● Problem description
For the string "user", search the entries below and copy every line where it appears.

● Supplied data
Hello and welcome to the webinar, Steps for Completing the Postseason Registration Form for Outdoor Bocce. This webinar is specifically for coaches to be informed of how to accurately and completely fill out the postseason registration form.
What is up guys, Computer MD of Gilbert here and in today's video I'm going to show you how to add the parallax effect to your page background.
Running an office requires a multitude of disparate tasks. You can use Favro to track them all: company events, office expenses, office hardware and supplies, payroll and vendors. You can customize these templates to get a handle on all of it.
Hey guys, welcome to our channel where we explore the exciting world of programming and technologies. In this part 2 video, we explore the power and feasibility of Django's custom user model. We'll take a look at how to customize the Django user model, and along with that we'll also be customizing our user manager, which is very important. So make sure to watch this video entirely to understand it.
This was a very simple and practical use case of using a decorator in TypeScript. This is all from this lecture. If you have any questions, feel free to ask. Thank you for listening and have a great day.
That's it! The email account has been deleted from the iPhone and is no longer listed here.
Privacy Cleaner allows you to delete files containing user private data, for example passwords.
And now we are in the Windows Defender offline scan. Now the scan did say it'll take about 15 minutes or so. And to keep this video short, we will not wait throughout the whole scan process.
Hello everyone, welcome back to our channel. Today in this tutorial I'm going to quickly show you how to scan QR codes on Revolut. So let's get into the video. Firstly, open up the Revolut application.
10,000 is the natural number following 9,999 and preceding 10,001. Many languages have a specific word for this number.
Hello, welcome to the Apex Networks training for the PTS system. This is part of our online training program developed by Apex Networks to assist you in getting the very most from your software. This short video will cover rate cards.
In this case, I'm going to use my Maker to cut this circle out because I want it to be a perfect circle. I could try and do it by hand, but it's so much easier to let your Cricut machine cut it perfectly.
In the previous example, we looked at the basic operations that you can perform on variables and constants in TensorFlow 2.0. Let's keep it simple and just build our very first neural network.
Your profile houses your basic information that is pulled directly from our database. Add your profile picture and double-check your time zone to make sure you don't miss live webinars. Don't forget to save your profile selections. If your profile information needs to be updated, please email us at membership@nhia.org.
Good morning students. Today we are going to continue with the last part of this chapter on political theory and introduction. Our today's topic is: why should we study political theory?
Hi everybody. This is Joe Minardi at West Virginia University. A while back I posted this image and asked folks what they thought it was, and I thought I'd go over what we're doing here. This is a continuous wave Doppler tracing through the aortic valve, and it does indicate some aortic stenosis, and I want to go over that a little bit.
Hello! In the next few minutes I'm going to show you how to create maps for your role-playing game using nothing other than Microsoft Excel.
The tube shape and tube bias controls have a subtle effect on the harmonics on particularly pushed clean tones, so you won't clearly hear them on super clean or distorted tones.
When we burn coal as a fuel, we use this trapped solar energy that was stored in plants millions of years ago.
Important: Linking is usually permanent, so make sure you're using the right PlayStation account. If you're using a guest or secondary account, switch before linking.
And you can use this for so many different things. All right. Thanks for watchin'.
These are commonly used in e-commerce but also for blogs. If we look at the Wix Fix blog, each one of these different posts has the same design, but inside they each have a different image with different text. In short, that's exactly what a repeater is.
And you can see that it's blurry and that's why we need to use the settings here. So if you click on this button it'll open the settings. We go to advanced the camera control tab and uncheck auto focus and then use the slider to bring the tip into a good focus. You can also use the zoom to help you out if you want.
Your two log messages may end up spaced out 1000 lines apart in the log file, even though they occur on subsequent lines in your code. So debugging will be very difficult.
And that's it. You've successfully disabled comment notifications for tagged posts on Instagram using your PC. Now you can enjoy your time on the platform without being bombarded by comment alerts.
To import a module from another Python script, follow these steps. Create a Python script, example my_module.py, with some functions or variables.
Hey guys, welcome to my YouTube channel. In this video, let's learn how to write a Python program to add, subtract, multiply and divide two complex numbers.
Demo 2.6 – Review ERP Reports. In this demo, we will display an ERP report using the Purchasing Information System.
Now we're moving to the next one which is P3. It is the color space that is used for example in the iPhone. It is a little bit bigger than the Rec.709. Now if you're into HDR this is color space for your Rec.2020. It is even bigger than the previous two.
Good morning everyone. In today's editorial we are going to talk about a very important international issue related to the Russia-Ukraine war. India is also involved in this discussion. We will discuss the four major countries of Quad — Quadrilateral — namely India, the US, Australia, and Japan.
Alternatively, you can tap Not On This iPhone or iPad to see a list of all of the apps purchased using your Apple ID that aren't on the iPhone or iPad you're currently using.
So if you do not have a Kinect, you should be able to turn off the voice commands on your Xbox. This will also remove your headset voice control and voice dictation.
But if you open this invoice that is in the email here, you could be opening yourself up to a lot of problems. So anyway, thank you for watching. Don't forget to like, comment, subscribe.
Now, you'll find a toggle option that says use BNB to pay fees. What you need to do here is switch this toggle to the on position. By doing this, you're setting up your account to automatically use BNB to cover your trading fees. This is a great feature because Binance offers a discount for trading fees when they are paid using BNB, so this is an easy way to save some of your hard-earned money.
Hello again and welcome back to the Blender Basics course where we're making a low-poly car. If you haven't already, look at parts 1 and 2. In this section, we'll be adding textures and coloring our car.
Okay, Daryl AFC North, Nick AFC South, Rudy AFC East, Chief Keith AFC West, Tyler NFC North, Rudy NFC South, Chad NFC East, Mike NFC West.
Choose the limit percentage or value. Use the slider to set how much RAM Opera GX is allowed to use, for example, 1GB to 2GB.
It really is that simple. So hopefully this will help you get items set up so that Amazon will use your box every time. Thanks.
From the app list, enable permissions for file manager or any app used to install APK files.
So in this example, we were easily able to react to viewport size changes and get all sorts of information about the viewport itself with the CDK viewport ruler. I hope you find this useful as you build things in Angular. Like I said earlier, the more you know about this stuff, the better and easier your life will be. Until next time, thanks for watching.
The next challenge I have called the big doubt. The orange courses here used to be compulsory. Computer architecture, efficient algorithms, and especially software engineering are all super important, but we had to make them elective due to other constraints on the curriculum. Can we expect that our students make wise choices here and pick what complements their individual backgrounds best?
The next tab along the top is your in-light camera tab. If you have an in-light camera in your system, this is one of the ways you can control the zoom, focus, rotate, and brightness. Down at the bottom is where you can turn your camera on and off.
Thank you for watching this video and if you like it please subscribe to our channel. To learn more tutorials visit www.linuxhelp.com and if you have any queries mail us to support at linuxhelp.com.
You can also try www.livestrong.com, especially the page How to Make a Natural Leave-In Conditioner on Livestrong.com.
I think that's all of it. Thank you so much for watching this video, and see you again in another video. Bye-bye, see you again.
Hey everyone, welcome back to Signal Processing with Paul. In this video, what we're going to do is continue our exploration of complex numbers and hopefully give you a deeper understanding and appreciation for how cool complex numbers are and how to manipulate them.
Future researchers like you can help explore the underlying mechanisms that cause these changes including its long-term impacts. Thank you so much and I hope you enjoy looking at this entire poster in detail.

● Solution for this exercise
Hey guys, welcome to our channel where we explore the exciting world of programming and technologies. In this part 2 video, we explore the power and feasibility of Django's custom user model. We'll take a look at how to customize the Django user model, and along with that we'll also be customizing our user manager, which is very important. So make sure to watch this video entirely to understand it.
Privacy Cleaner allows you to delete files containing user private data, for example passwords.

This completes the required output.